→ **Records for this task**:
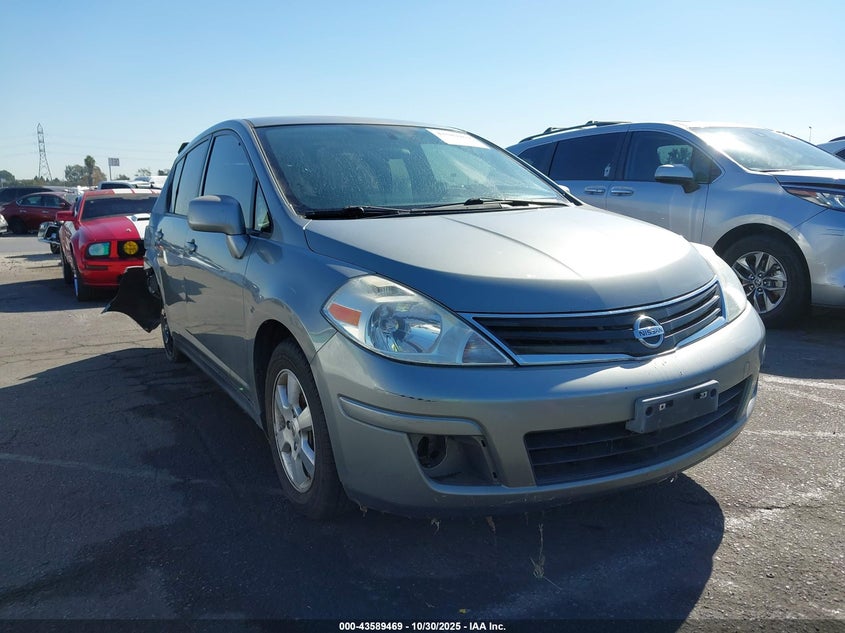 NISSAN VERSA 1.8 S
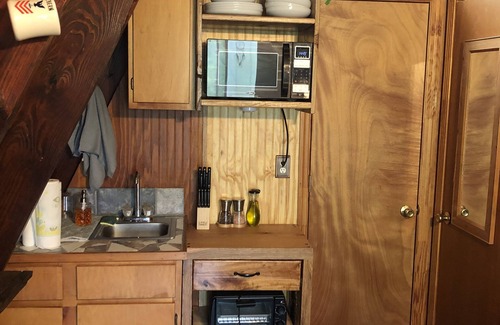 Muscadine Cabin | SHEKHINA nA tiny house in the woods. n40 acres. Total privacy. Weekend retreat.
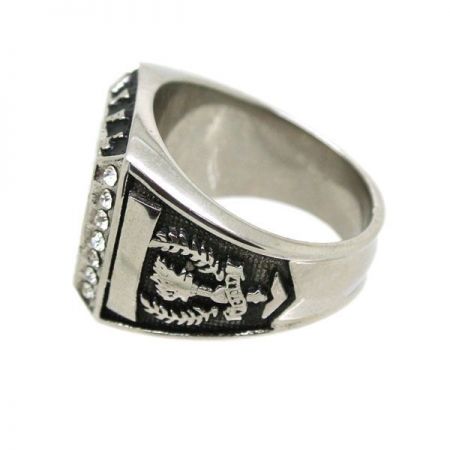 Anillo de Metal de Campeón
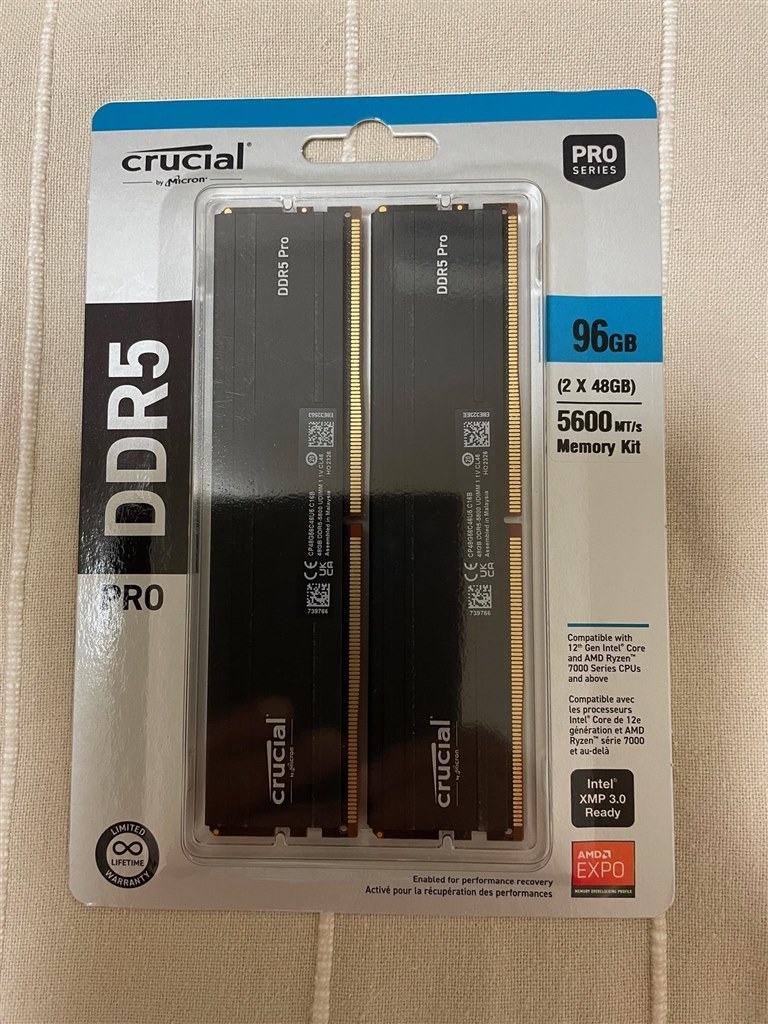 KLEVV 64GB DDR4 3200MHz 32GB x 2枚 メモリ 中古（KLEVV 64GB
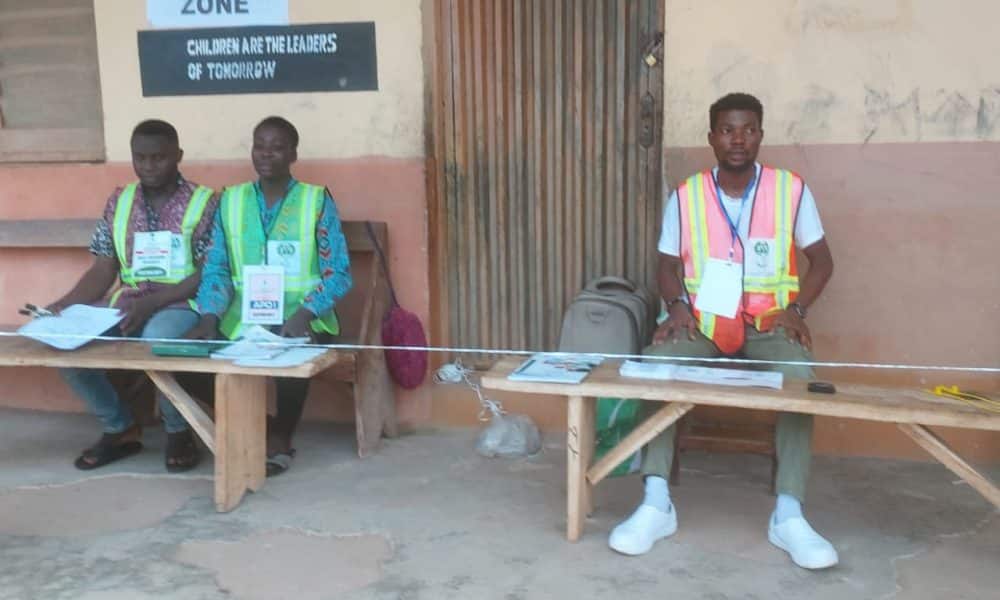 Ondo Decides: Early Low Voter Turnout, As INEC Staff Wait For Voters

→ **The problem**:
Pictures are to be omitted. The lines from the line holding "Muscadine Cabin |" through the closing line of the data above are to be set down exactly, and nothing more.

→ **Task solution**:
 Muscadine Cabin | SHEKHINA nA tiny house in the woods. n40 acres. Total privacy. Weekend retreat.
 Anillo de Metal de Campeón
 KLEVV 64GB DDR4 3200MHz 32GB x 2枚 メモリ 中古（KLEVV 64GB
 Ondo Decides: Early Low Voter Turnout, As INEC Staff Wait For Voters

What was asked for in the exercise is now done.